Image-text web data
☆ ☆ ☆ ☆

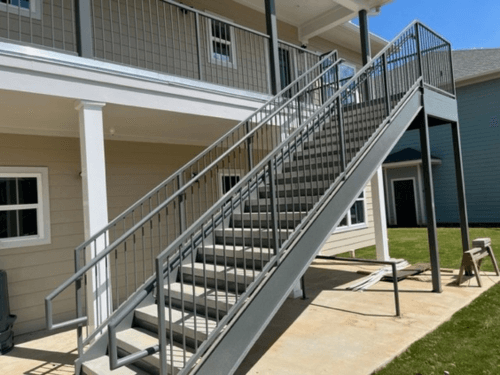 outside view of apartment complex stairs that lead to the second floor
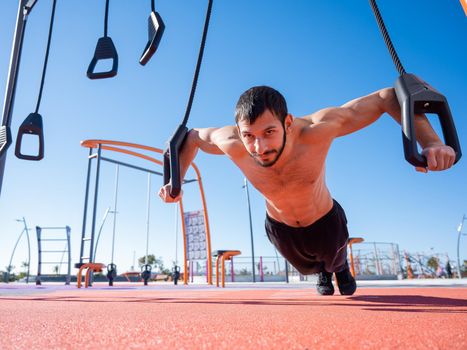 Shirtless man doing loop exercises outdoors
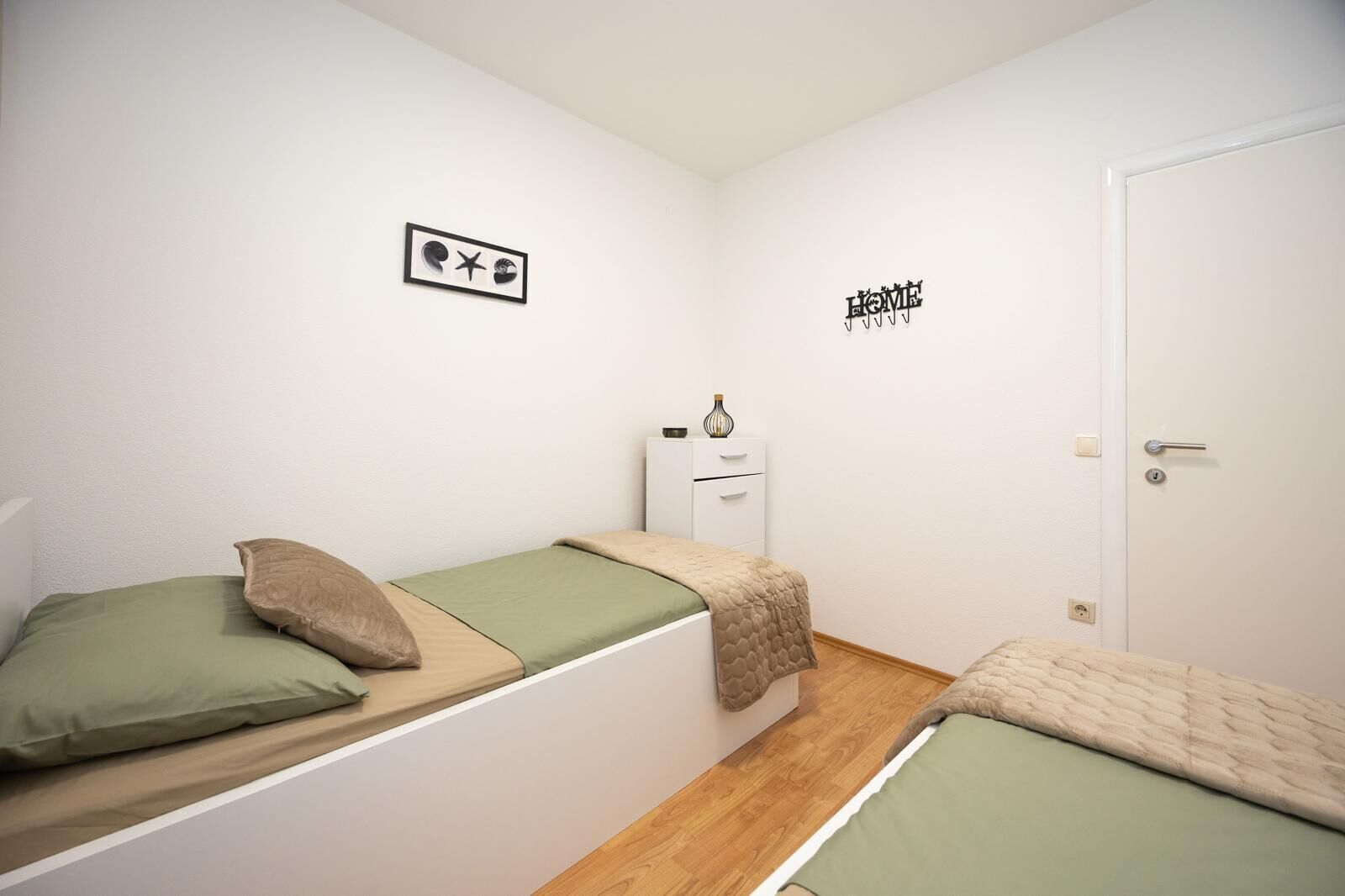 A small, clean room with two single beds, a white wardrobe, and a door with a handle.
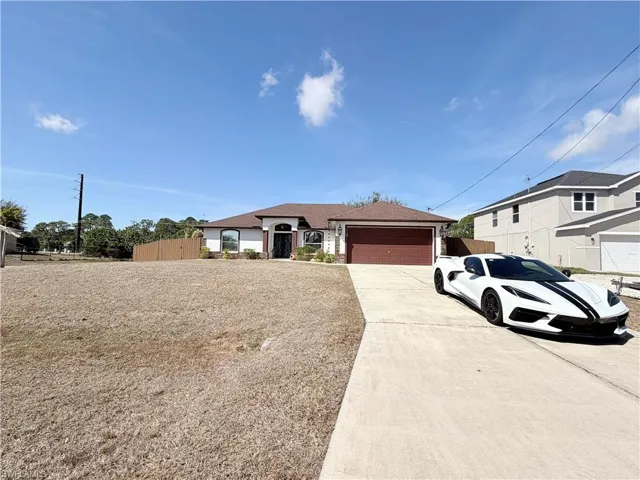 Ranch-style home featuring concrete driveway and an attached garage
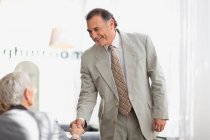 Businessman shaking colleague hand — Stock Photo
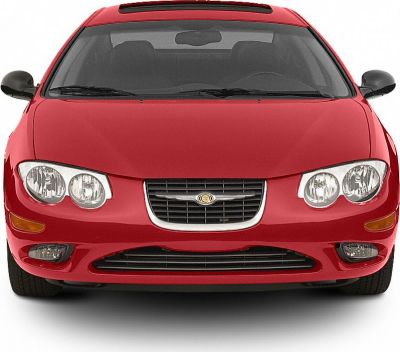 Front view with dual round headlights, chrome grille, and integrated fog lights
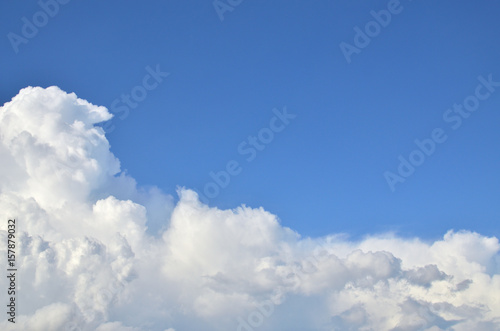 Blue sky and white fluffy clouds with a space for text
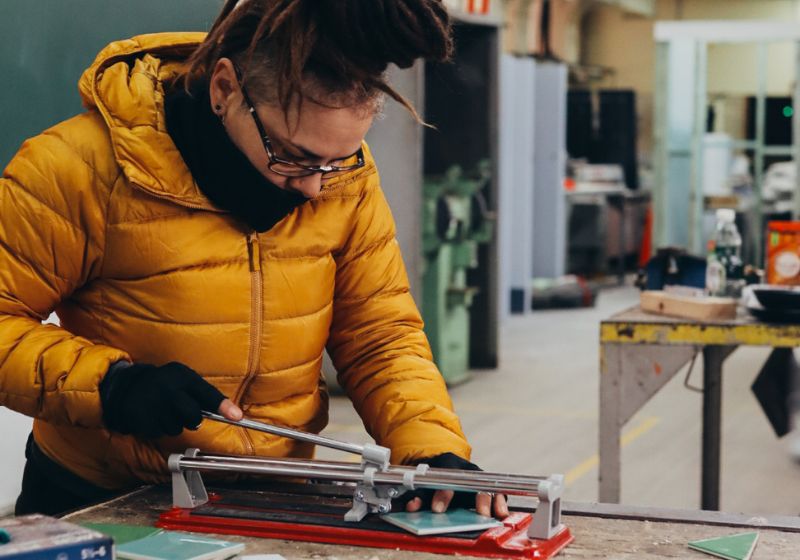 Elizabeth cuts tiles in the Habitat Women workshop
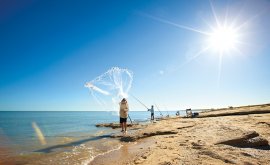 Casting out a net in Karumba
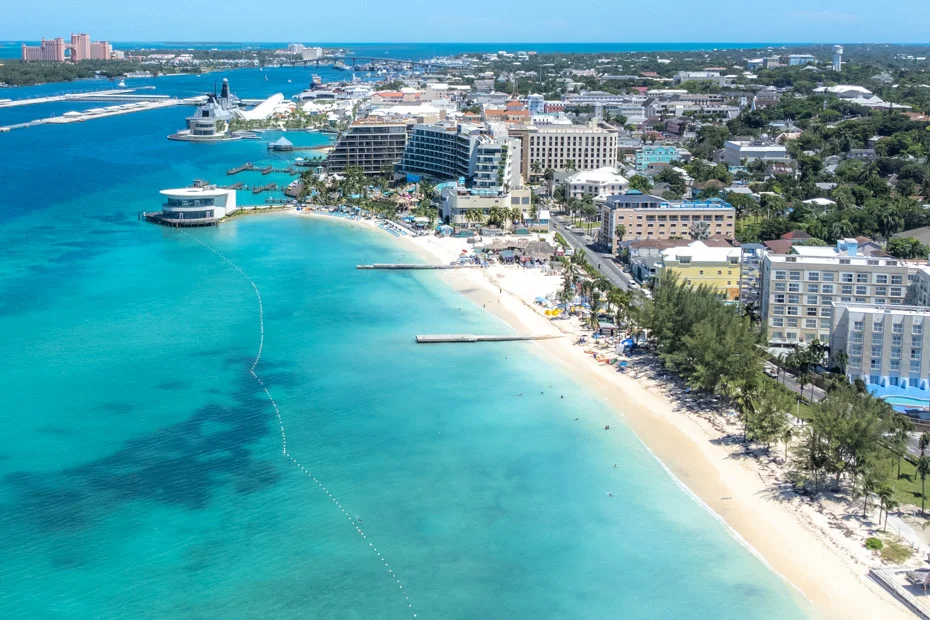 Junkanoo Beach in Nassau, Bahamas, with calm turquoise water and beach bars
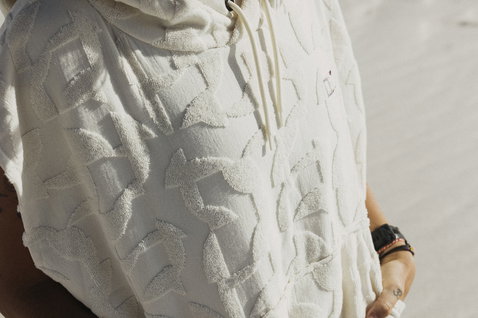 ION Poncho Select Reefside surf poncho in off-white with hood at the beach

☆ ☆ ☆ ☆

WHAT TO PRODUCE:
Output the entries above exactly. Do not include the pictures.

ANSWER SECTION:
 outside view of apartment complex stairs that lead to the second floor
 Shirtless man doing loop exercises outdoors
 A small, clean room with two single beds, a white wardrobe, and a door with a handle.
 Ranch-style home featuring concrete driveway and an attached garage
 Businessman shaking colleague hand — Stock Photo
 Front view with dual round headlights, chrome grille, and integrated fog lights
 Blue sky and white fluffy clouds with a space for text
 Elizabeth cuts tiles in the Habitat Women workshop
 Casting out a net in Karumba
 Junkanoo Beach in Nassau, Bahamas, with calm turquoise water and beach bars
 ION Poncho Select Reefside surf poncho in off-white with hood at the beach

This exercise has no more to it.